That is probably one of the best, most prescient comments about innovation I've heard in a while. Far too often we get caught up in the "Creative" piece of the process - generating ideas, but then the logistics or executional portion fails to create excitement or process flow around the idea.
Often I think we view "logistics" as a relatively mundane, back office capability, but in our global economy logistics is the chain that keeps our economics engine humming. In the product world, toys, computers and cars can be made anywhere in the world, but aren't worth much until they arrive at a place where the customer can acquire and use them. Our trade with China and the Far east is completely dependent on a strong logistics capability. If the Chinese vendors made a toy for Christmas 2006 but the logistics supply chain failed, we'd have no new toys for Christmas.
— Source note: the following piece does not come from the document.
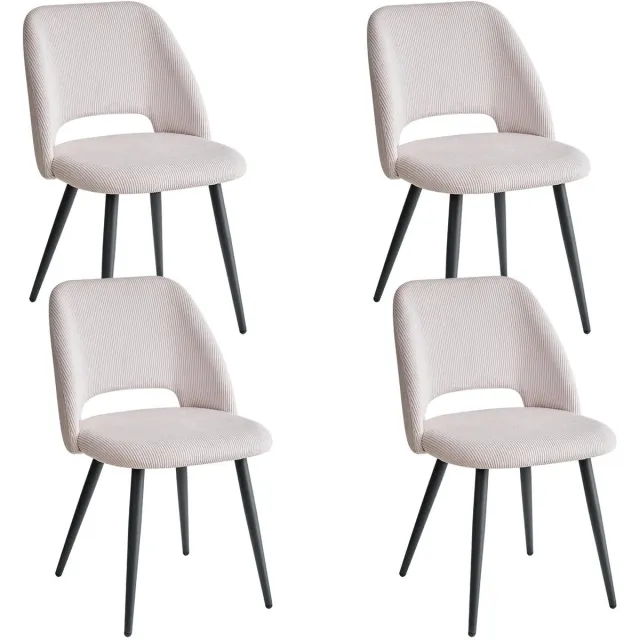 Cozy Cottage® Set van 4 Corduroy Eetkamerstoelen – Stijlvolle Gestoffeerde Stoelen met Zachte Zitting – Ergonomisch Ontwerp – Comfortabele Stoelen voor Woonkamer & Eetkamer - Beige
In the same manner, we should think of logistics for ideas. Creating an idea is important - but what happens next? How do you keep the idea current, keep it in process and tie it to an important goal or milestone? What logistics capabilities exist for your ideas?
It should be no surprise that most strong logistics firms (think Fedex for a moment) have very strong processes and computer systems to coordinate the flow of goods and services. Ideas, like products, need to move, need to be presented to the right customers to have real value. Fedex could not support its operations with a spreadsheet and an adhoc process. Don't your valuable ideas deserve a logistical process and system to add value and reduce the cycle times?